Let $M=\{(x,y,z) \in \mathbb{R}^3 : x+y=5 x+z=cos^2y\}$.

We can easily see that $M$ is a submanifold of $\mathbb{R}^3$ of dimension $1$.

We can also see that we can construct a global atlas for $M$, say $\{(M,\varphi)\}$, where $\varphi:M\rightarrow\mathbb{R}$ is given by $(x,y,z) \mapsto y$.

If $P=(p_1,p_2,p_3) \in M$, then $T_PM=\langle (-1,1,1-2sin(p_2)cos(p_2)) \rangle$. In particular, for $P=(5,0,-4) \in M$, $T_{(5,0,-4)}M = \langle (-1,1,1) \rangle$.

Consider the morphism (smooth map) $F:M \rightarrow S^1$ given by $(x,y,z) \mapsto (\frac{x}{\sqrt{x^2+y^2}},\frac{y}{\sqrt{x^2+y^2}})$.

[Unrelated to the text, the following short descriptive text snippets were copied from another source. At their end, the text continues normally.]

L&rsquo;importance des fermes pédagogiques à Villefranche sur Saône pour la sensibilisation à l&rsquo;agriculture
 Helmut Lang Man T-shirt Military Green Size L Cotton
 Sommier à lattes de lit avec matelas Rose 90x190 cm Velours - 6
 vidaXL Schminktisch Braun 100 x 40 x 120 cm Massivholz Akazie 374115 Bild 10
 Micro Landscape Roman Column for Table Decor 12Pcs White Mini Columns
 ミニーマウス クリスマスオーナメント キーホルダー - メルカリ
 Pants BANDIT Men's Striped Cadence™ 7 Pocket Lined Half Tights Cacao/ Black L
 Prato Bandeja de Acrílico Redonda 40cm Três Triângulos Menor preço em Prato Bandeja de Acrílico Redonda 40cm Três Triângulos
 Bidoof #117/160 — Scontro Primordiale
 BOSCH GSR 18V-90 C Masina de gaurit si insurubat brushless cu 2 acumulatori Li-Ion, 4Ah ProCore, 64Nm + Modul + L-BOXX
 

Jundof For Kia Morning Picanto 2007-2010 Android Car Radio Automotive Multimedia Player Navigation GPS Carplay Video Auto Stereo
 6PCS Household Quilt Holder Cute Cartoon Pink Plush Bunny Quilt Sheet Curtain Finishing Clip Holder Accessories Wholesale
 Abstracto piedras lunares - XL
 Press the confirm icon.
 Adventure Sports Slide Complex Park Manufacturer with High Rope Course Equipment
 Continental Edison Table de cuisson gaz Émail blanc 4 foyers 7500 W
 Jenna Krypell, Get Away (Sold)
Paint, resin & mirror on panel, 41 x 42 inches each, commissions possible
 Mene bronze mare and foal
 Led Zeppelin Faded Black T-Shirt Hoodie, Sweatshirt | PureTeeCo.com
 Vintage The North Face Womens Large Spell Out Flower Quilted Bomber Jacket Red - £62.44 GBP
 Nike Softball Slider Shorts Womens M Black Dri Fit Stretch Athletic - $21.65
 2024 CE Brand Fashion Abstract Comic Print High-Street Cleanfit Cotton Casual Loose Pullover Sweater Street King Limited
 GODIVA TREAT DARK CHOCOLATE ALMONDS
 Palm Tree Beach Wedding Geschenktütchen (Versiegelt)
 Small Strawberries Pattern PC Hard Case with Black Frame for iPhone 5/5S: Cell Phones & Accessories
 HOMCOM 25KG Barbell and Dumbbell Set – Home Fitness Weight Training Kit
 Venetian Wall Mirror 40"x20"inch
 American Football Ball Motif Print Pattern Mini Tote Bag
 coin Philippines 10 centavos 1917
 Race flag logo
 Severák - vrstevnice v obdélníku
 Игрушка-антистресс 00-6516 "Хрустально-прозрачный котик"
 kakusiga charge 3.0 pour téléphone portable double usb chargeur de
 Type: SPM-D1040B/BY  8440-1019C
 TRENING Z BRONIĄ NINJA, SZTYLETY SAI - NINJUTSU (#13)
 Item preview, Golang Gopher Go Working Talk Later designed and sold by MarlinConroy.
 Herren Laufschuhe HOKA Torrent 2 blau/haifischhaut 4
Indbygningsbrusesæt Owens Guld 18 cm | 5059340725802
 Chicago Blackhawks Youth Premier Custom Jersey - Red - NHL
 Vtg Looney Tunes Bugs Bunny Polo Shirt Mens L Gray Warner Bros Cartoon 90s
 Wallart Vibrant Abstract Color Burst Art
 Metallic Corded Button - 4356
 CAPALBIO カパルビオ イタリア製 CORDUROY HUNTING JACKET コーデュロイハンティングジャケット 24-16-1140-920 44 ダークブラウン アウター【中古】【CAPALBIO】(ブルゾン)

Remember that $S^1=\{(x,y) \in \mathbb{R}^2 : x^2+y^2=1\}$, so the given morphism is well defined.

Expressing $F$ in the atlas of $M$, we get $$F(x,y,z)=F(\varphi^{-1}(y))=(\frac{5-y}{\sqrt{2y^2-10y+25}},\frac{y}{\sqrt{2y^2-10y+25}})$$

We can see that $F(5,0,-4)=(1,0)$.

Now we choose a coordinate chart $\psi$ of $S^1$ in a neighborhood of $(1,0)$. For example, $\psi:U=\{(x,y) \in S^1 : x > 0\} \longrightarrow ]-1,1[$ given by $(x,y) \mapsto y$.

I now want to compute in the chosen charts of $M$ and $S^1$ the expression of $DF_{(5,0,-4)}$.

How can I proceed? Some help would be appreciated. Thanks in advance.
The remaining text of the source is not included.